TASK TO CARRY OUT:
Your task is to give the listing below back word for word, pictures excluded.

DATA SUPPLIED: Begin

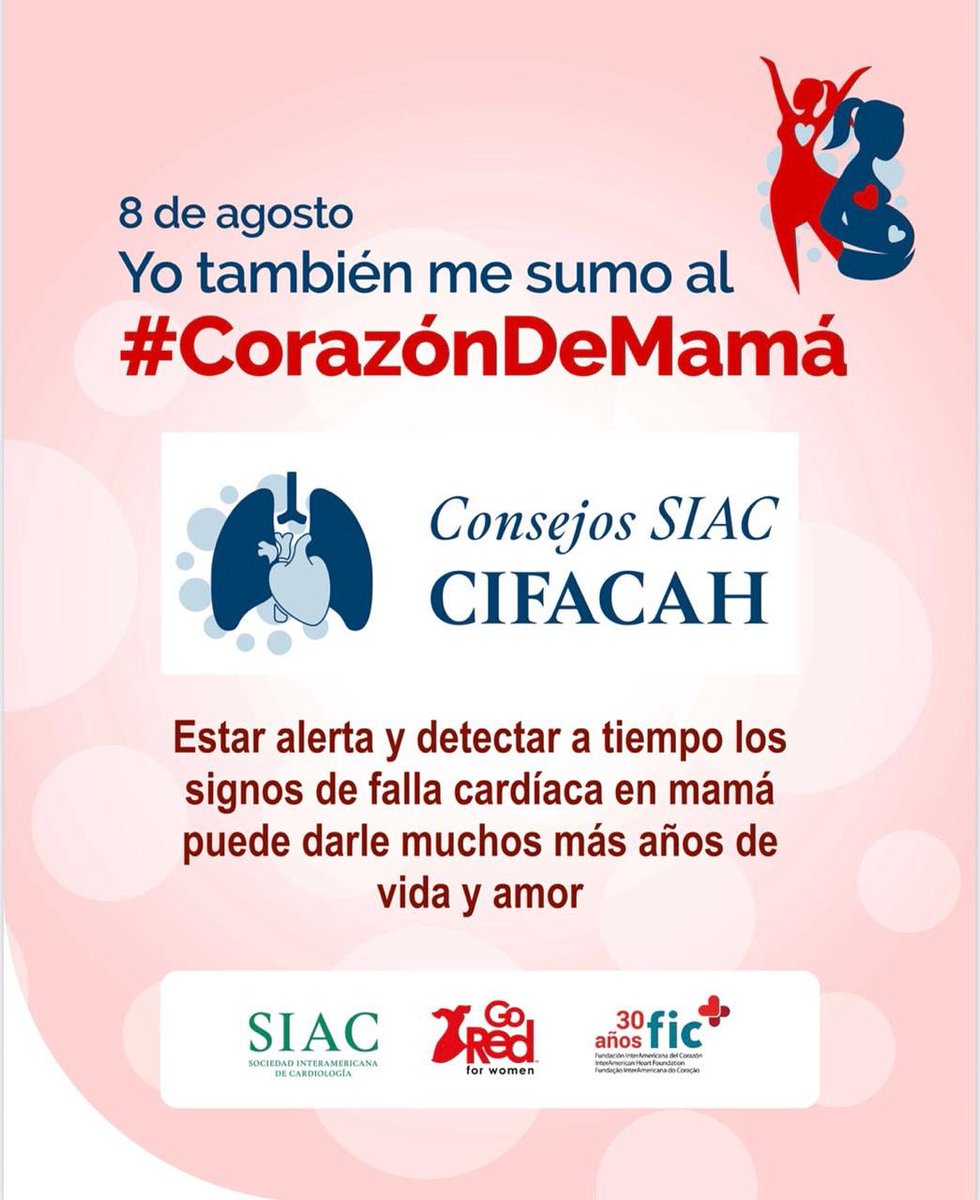 CIFACAH también se suma a #CorazondeMama 

<a href="/SIAC_cardio/">SIAC</a> <a href="/MujerSIAC/">@MujerSIAC</a> <a href="/GoRedForWomen/">GoRedforWomen</a> <a href="/IAHFnews/">IAHFnews</a>
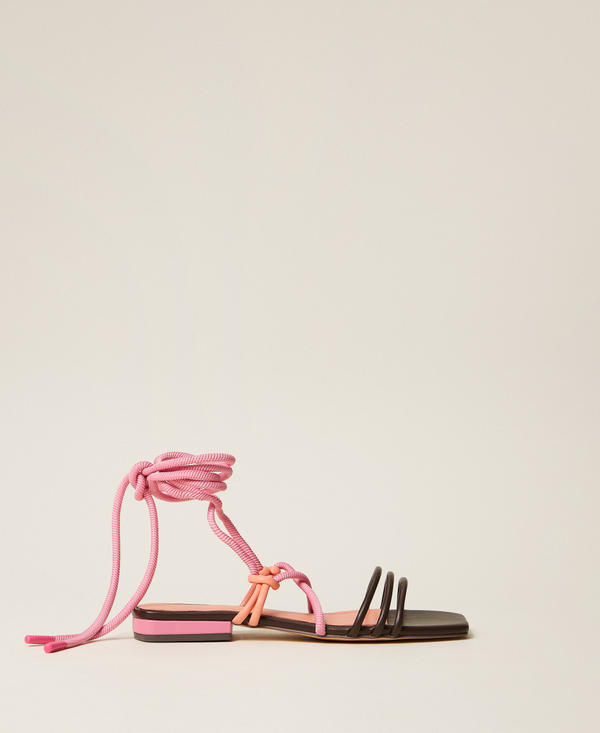 MYFO colour block flat sandals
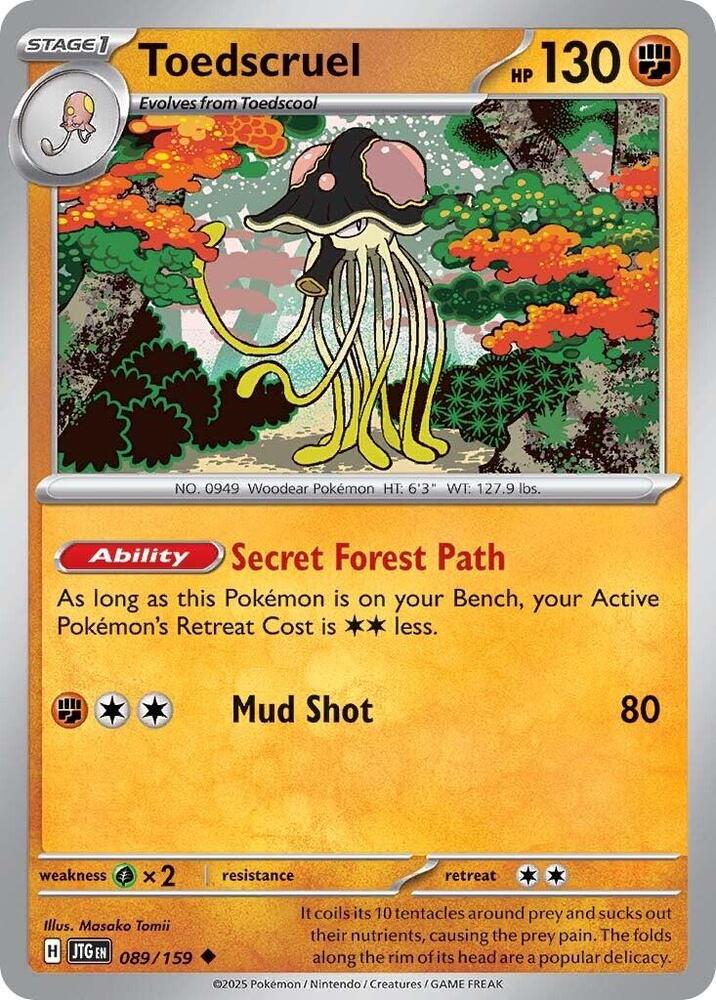 089/159 Toedscruel Normal · Journey Together (JTG) by PokeMarsi on MYNTED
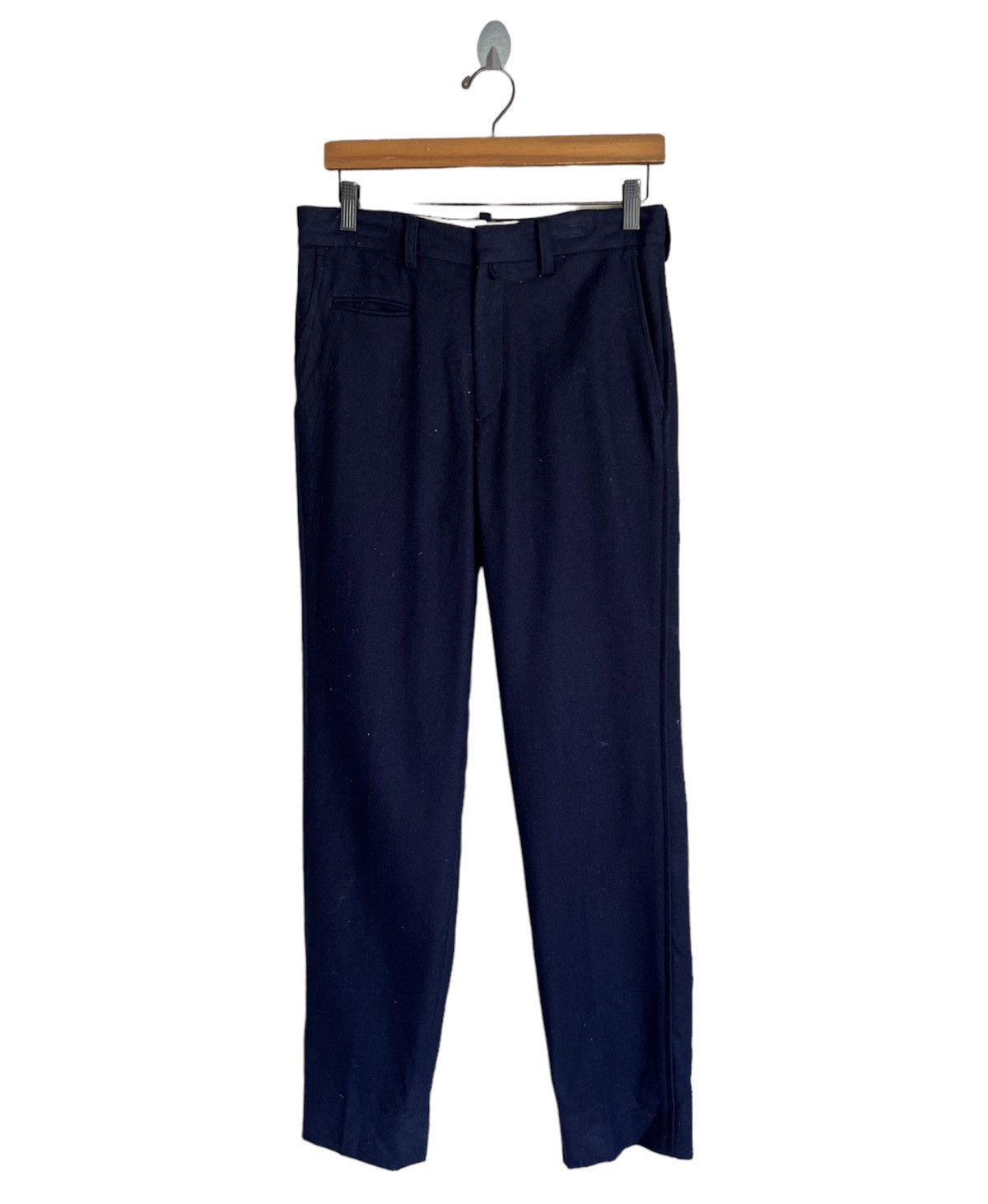 image of Beauty Youth x United Arrows Beauty & Youth Wool Pant in Blue Black, Men's (Size 31)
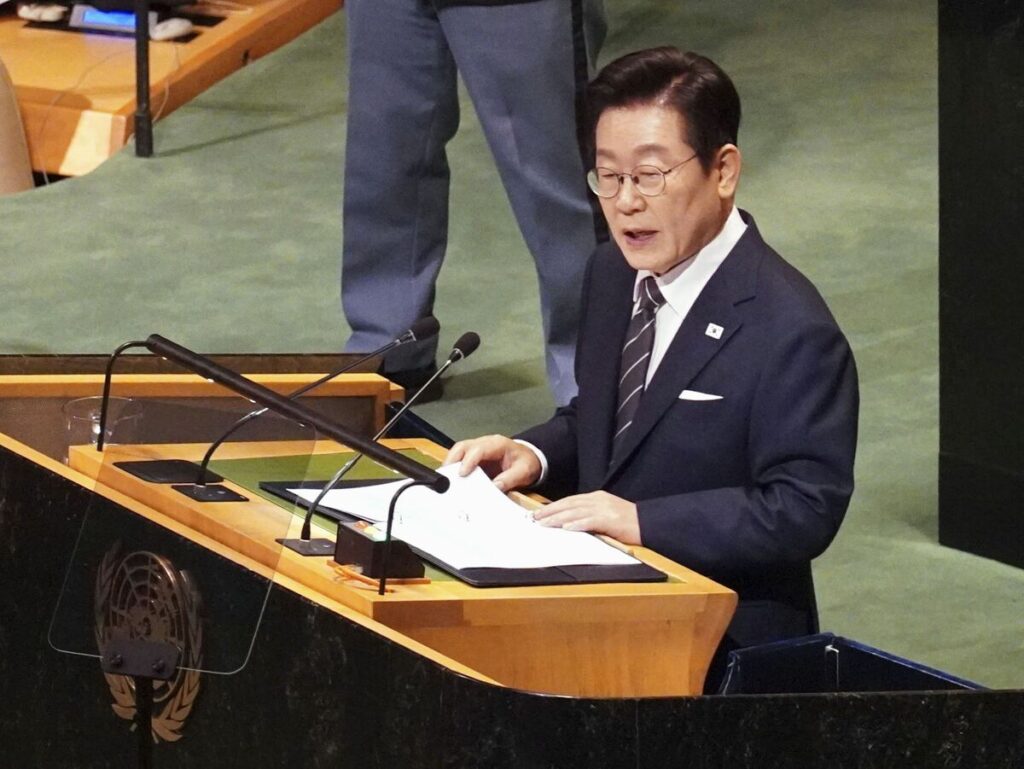 窮地で「反米」に活路求めだした李在明の危険な賭け、国連総会でトランプをあてこすり、トランプ主催の晩餐会も欠席(1/4) | JBpress (ジェイビープレス)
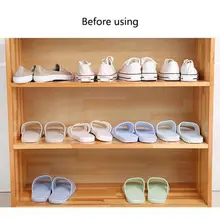 10 шт. практичный Регулируемый органайзер для обуви, подставка для обуви, слот для экономии пространства, шкаф стенд для обуви, стеллаж для хранения обуви, коробка для обуви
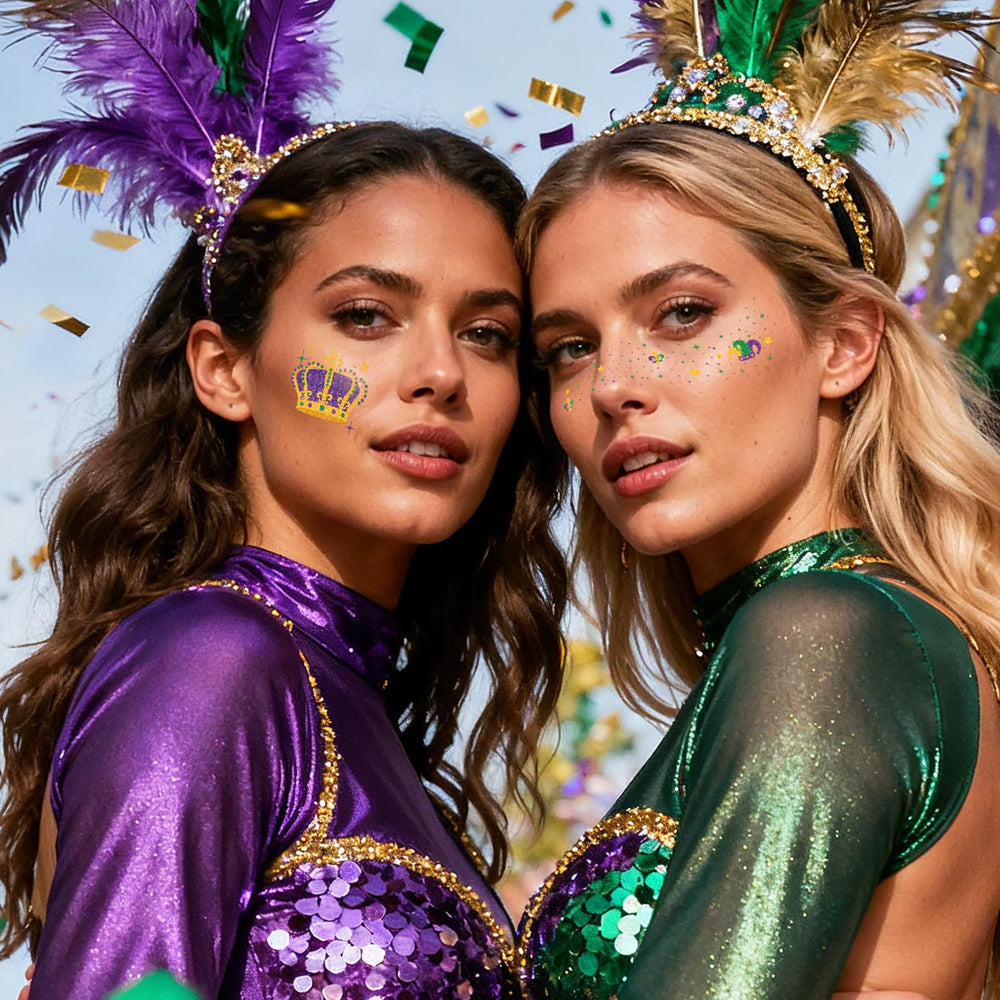 EMOME déco fête Mardi Gras - accessoires brillants pour animations et photos
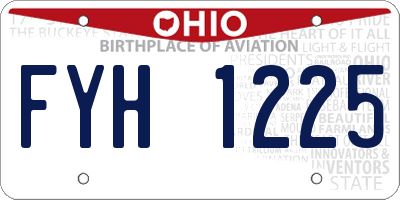 OH license plate FYH1225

DATA SUPPLIED: End

FINISHED EXERCISE:
 CIFACAH también se suma a #CorazondeMama 

<a href="/SIAC_cardio/">SIAC</a> <a href="/MujerSIAC/">@MujerSIAC</a> <a href="/GoRedForWomen/">GoRedforWomen</a> <a href="/IAHFnews/">IAHFnews</a>
 MYFO colour block flat sandals
 089/159 Toedscruel Normal · Journey Together (JTG) by PokeMarsi on MYNTED
 image of Beauty Youth x United Arrows Beauty & Youth Wool Pant in Blue Black, Men's (Size 31)
 窮地で「反米」に活路求めだした李在明の危険な賭け、国連総会でトランプをあてこすり、トランプ主催の晩餐会も欠席(1/4) | JBpress (ジェイビープレス)
 10 шт. практичный Регулируемый органайзер для обуви, подставка для обуви, слот для экономии пространства, шкаф стенд для обуви, стеллаж для хранения обуви, коробка для обуви
 EMOME déco fête Mardi Gras - accessoires brillants pour animations et photos
 OH license plate FYH1225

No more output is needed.